Denis Villeneuve names the most difficult scene of his career: “It required a tremendous amount of work”

The rise of Denis Villeneuve has been a joy to watch. The French-Canadian director came to wider international attention with his trio of thrillers, Prisoners, Enemies, and Sicario, before exploding in popularity off the back of his cerebral sci-fi tale Arrival. He then took on a major challenge by making Blade Runner 2049, the sequel to Ridley Scott’s beloved classic, and absolutely smashed that out of the park as well.
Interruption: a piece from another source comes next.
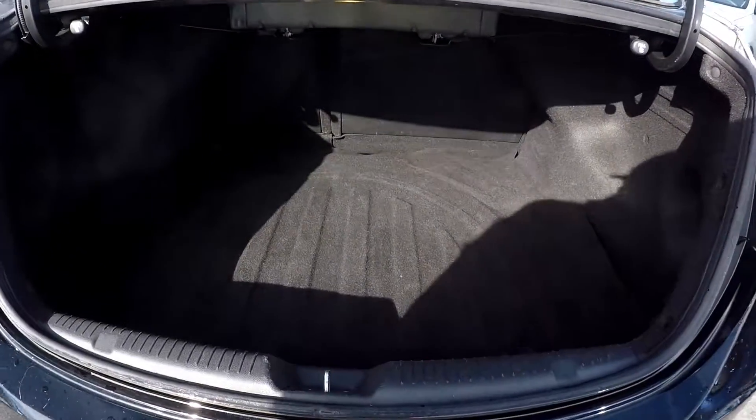Coming into the trunk here — pretty fair room. You're also going to have seat release on both sides.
What the director is best known for nowadays are his two movies based on Frank Herbert’s Dune. Long considered to be unadaptable for the screen (just ask David Lynch), Villeneuve proved that Paul Atreides and the battle to free Arrakis could be made into a movie, and a great one at that. The first film won six Oscars and was nominated for ‘Best Picture’, with Part Two expected to achieve similar accolades when award season rolls around.
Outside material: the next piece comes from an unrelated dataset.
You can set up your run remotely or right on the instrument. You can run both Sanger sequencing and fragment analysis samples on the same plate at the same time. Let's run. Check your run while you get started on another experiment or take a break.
There are many reasons why Dune baffled filmmakers for decades before Villeneuve came along. Not only is it packed with dense and often impenetrable lore, but Herbert’s insane imagination created scenarios that were damn near impossible to film. One of them is the scene where Paul first learns to ride the giant sandworms that inhabit the planet, a moment of great personal triumph and further proof that he is, in fact, the messiah promised to the Fremen people. 

As he told Film Ink, Villeneuve knew the importance of this moment and that he had to get it right. “It was by far the most complex thing I have ever attempted to do,” he said. “It required a lot of work, but I was trying to feel a level of realism. I wanted my mother to believe that it’s possible to ride a sandworm. I wanted it to be edgy, elegant, dangerous and exciting. And it required a tremendous amount of work from my crew to bring that to the screen. Fortunately, the studio believed in the scene a lot and gave me the means and the tools to do it correctly.”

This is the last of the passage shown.